Those budget-process rules expired in 2002. Deficit hawks want to bring them back—provided that the rules require Congress to offset tax cuts as well as spending increases. "You can't leave one-half of the barn door open and expect to exercise fiscal discipline," says Panetta.
The bit about taxes is anathema to the president and many conservatives, who view extending Bush's tax cuts as essential. Bush wants paygo budget rules that place limits on spending increases only, not on tax cuts. Other conservatives prefer a measure that would limit annual spending growth to adjustments for inflation and population growth. Several states are debating such measures (called TABORs, for Taxpayer Bill of Rights), and Colorado has enacted one. Conservatives are talking about introducing a federal equivalent this year, perhaps in the spring.
Rules requiring offsets and rules limiting spending growth both have good and bad points; but either might work best in addition to, rather than instead of, a rule targeting the deficit and backed by brutal spending cuts, a la Gramm-Rudman.
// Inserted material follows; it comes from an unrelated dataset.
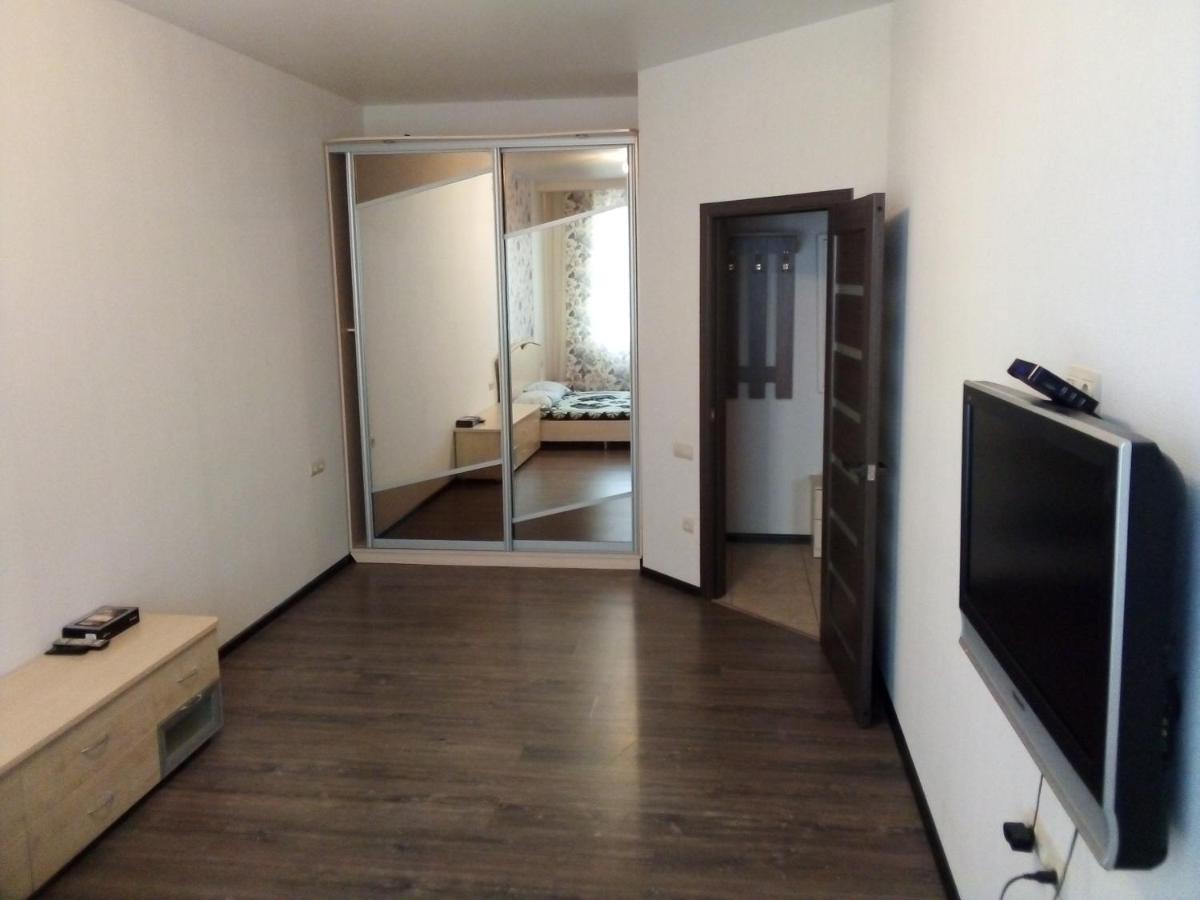 Квартира в Альтаире 2/Apartment for rent in a residential complex Altair 2 Одесса Экстерьер фото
The budget rules could help Congress meet the deficit targets, and the deficit targets could help enforce the budget rules. "One of the things about Gramm-Rudman was that it was understandable, and you had concrete goals," says Stephen Moore, a senior fellow in budget affairs at Cato. "With deficit targets that you have to meet, people can judge—did they meet them or not?"
One can be excused for imagining that Bush is none too serious about the deficit targets in his 2006 budget. Perhaps his concentration might improve if Congress were to write his projected five-year deficits into law and back them with the threat of sequestration. That is not a good idea, if "good" means anybody's first choice. On the other hand, Niskanen says, "I think it's likely to be a better idea than what Mr. Bush is trying to get away with now. He's saying 19 percent of the budget is going to be very tight. Even if he accomplishes that, that does not yield very significant budget effects."
There are times when the nation needs wisdom, times to summon the spirits of Lincoln and Jefferson. There are other times, too: times to call upon the spirits of Beavis and Butt-head. Deficit targets are crude, ugly, and senseless. Nothing less will do.